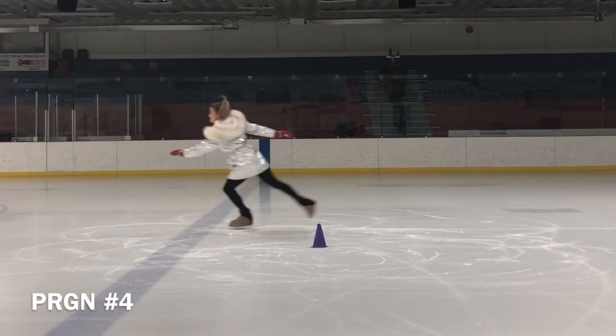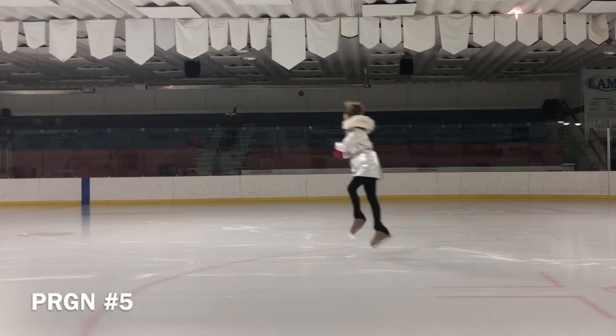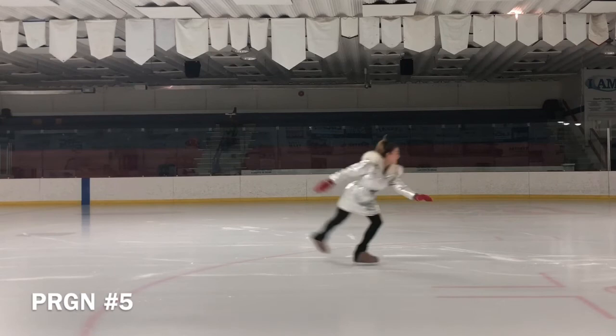Also, I would like to add one more helpful drill — the back pivot. Most young skaters have a very difficult time with this particular pivot since the direction is counter to their normal rotation. You can find information about pivots in my vlogs.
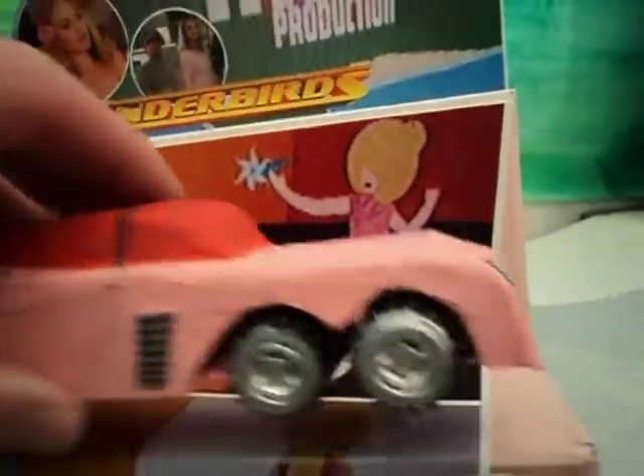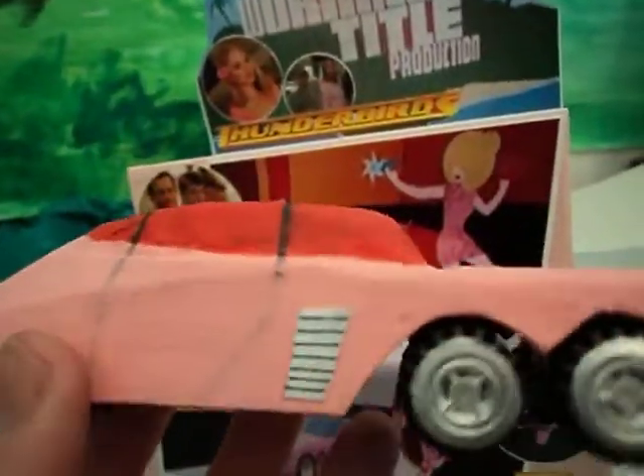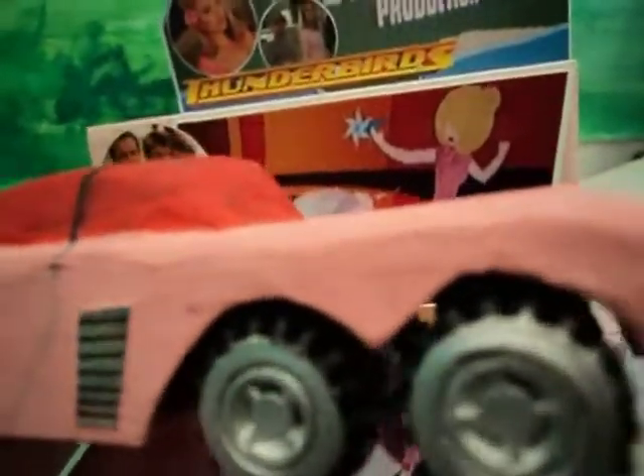So this was our papier-mâché version of it at the time. We used some very cheap Lego wheels and did a papier-mâché and cardboard body on it. Very simple — doesn't open or anything like that, but it just gave the impression. There weren't many models or toys of this vehicle.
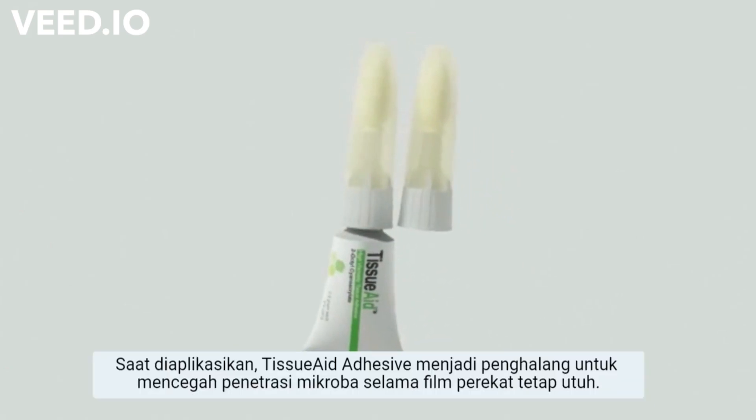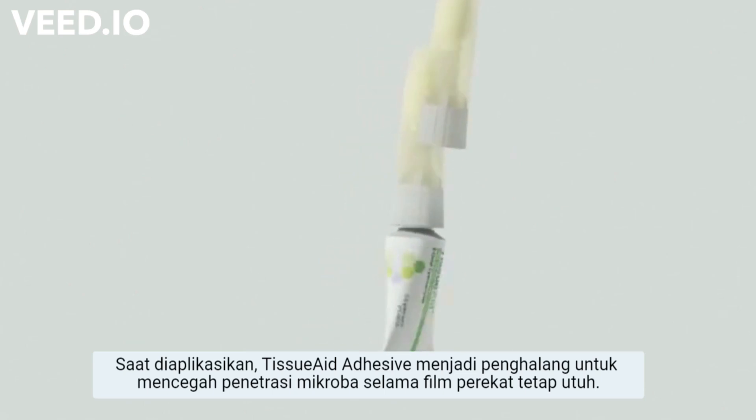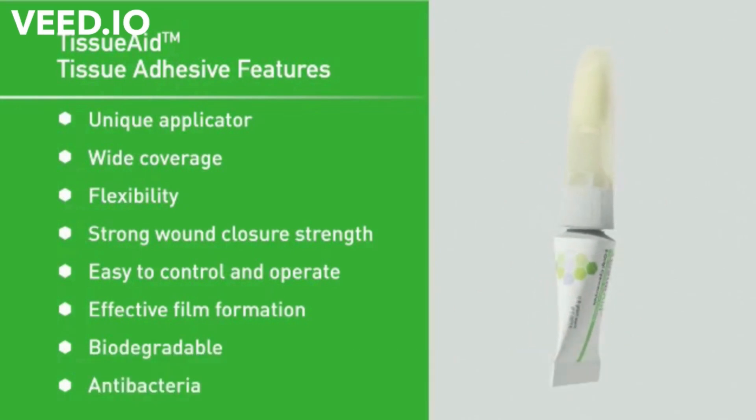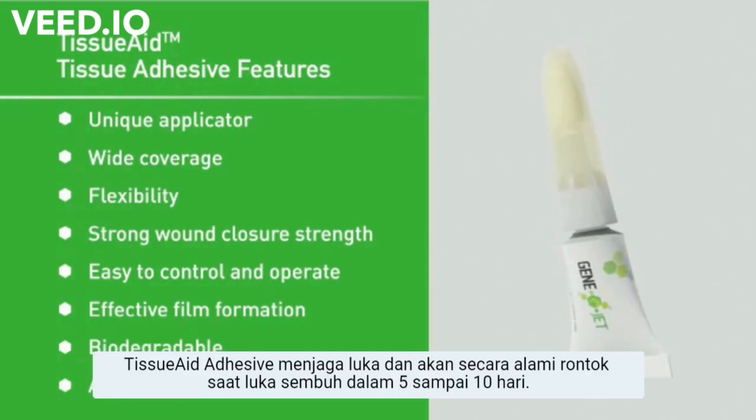Once the tissue adhesive is in place, it protects the wound by providing a flexible protective barrier to prevent microbial penetration for as long as the adhesive film remains intact. Tissue adhesive secures the wound and will naturally fall off as the wound heals in 5 to 10 days.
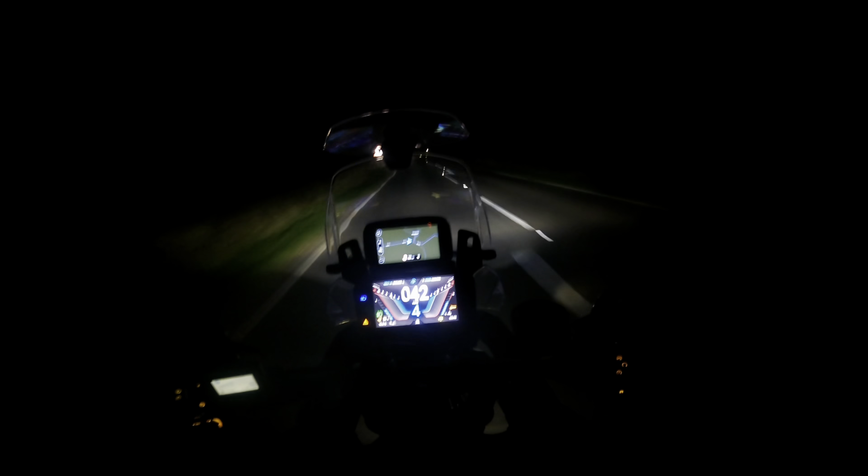The Tiger 900 - no complaints with riding at night. The only slightly confusing thing with the lights on this bike, and Triumph in general I think, is that the daytime running light has the green light icon on the dash, which you would assume would be the main beam. That's a bit confusing. This is the main beam and there's nothing on the dash to say it's illuminated.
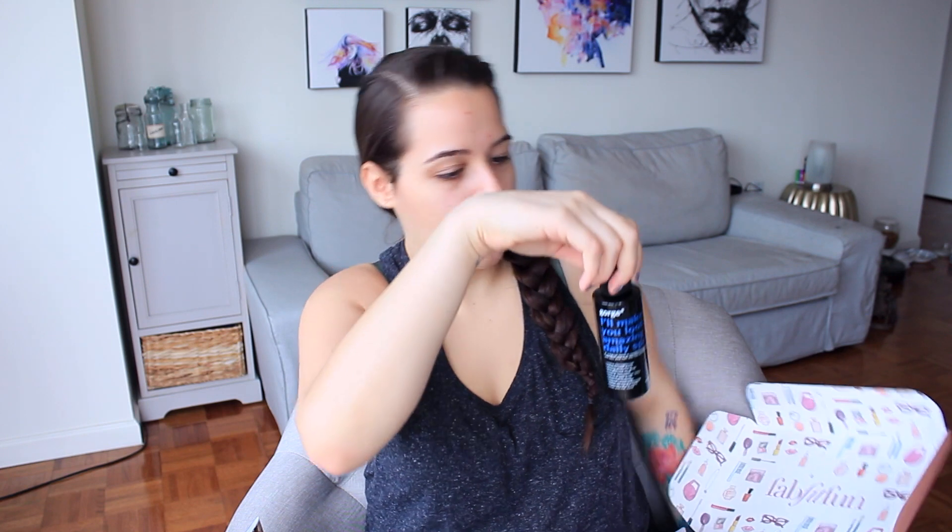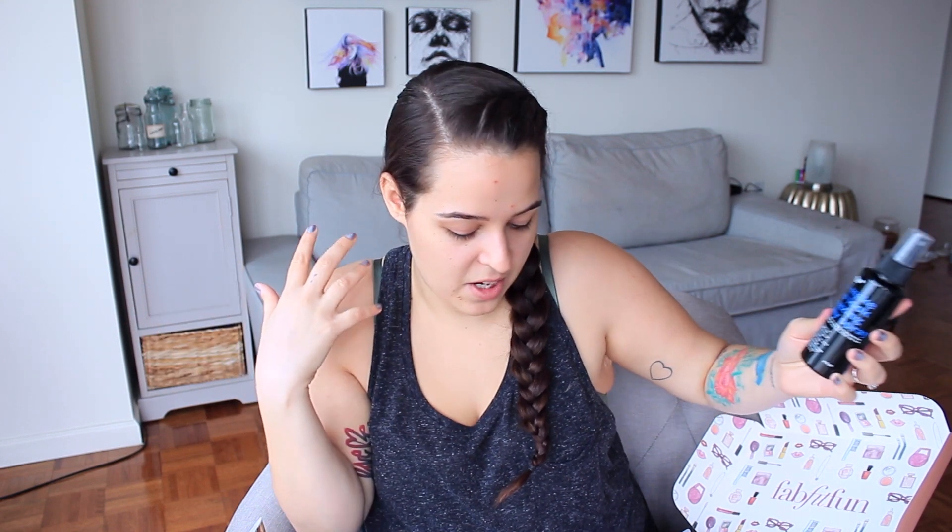The first real thing in the box is this little black bottle called 'I'll Make You Look Amazing Daily Spray' by George. It's a magical leave-in conditioner spray. It claims to repair damaged hair, instantly add shine, detangle, protect from heat, seal and protect hair color, prevent split ends, stop hair breakage, create amazing silkiness, enhance natural body, and even help with skin. It really does it all, which I love — it cuts down on clutter. According to the card, this retails for $24.95. Hopefully it lives up to everything it claims.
• • • • • • •
-- TASK DIRECTIONS --
Your output is the lines from the top of the entries through the line containing "So this was", exactly as they stand. No pictures belong in it.

-- RESULT OF THIS EXERCISE --
Also, I would like to add one more helpful drill — the back pivot. Most young skaters have a very difficult time with this particular pivot since the direction is counter to their normal rotation. You can find information about pivots in my vlogs.
So this was our papier-mâché version of it at the time. We used some very cheap Lego wheels and did a papier-mâché and cardboard body on it. Very simple — doesn't open or anything like that, but it just gave the impression. There weren't many models or toys of this vehicle.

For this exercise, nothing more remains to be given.